- _Work instructions_
Go through the entries below from the first line and transcribe each one exactly, ending with the line that contains "SW MOTECH V-LOC".

- _Supplied material_
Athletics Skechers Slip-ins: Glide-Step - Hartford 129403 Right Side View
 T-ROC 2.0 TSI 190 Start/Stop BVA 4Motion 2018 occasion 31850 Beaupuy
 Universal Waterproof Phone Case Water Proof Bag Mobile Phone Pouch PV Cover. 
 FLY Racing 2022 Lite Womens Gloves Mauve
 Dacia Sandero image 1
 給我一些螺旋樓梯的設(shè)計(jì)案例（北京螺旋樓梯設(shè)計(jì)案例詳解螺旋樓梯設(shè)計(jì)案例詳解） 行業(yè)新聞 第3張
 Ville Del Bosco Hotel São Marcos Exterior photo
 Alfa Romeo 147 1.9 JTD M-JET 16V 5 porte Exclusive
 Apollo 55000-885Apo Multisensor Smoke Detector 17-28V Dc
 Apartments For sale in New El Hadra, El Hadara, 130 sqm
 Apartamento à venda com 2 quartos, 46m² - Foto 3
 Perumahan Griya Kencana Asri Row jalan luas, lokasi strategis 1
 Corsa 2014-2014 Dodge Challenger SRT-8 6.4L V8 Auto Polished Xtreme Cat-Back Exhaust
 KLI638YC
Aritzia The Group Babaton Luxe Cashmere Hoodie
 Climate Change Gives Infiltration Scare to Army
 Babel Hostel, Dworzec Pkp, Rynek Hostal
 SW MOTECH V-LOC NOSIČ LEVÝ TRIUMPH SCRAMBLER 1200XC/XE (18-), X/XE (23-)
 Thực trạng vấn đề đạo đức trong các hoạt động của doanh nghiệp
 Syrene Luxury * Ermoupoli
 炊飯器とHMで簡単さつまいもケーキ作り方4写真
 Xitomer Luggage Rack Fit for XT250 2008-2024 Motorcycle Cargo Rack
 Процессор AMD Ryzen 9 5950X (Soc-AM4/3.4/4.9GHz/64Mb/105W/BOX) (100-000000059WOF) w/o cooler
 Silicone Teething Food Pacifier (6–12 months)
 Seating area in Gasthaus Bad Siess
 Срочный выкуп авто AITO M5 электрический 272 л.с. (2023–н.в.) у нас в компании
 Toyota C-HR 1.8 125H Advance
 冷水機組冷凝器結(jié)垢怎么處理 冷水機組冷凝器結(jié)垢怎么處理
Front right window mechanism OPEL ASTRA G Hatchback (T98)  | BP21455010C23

- _Answer to the exercise_
Athletics Skechers Slip-ins: Glide-Step - Hartford 129403 Right Side View
 T-ROC 2.0 TSI 190 Start/Stop BVA 4Motion 2018 occasion 31850 Beaupuy
 Universal Waterproof Phone Case Water Proof Bag Mobile Phone Pouch PV Cover. 
 FLY Racing 2022 Lite Womens Gloves Mauve
 Dacia Sandero image 1
 給我一些螺旋樓梯的設(shè)計(jì)案例（北京螺旋樓梯設(shè)計(jì)案例詳解螺旋樓梯設(shè)計(jì)案例詳解） 行業(yè)新聞 第3張
 Ville Del Bosco Hotel São Marcos Exterior photo
 Alfa Romeo 147 1.9 JTD M-JET 16V 5 porte Exclusive
 Apollo 55000-885Apo Multisensor Smoke Detector 17-28V Dc
 Apartments For sale in New El Hadra, El Hadara, 130 sqm
 Apartamento à venda com 2 quartos, 46m² - Foto 3
 Perumahan Griya Kencana Asri Row jalan luas, lokasi strategis 1
 Corsa 2014-2014 Dodge Challenger SRT-8 6.4L V8 Auto Polished Xtreme Cat-Back Exhaust
 KLI638YC
Aritzia The Group Babaton Luxe Cashmere Hoodie
 Climate Change Gives Infiltration Scare to Army
 Babel Hostel, Dworzec Pkp, Rynek Hostal
 SW MOTECH V-LOC NOSIČ LEVÝ TRIUMPH SCRAMBLER 1200XC/XE (18-), X/XE (23-)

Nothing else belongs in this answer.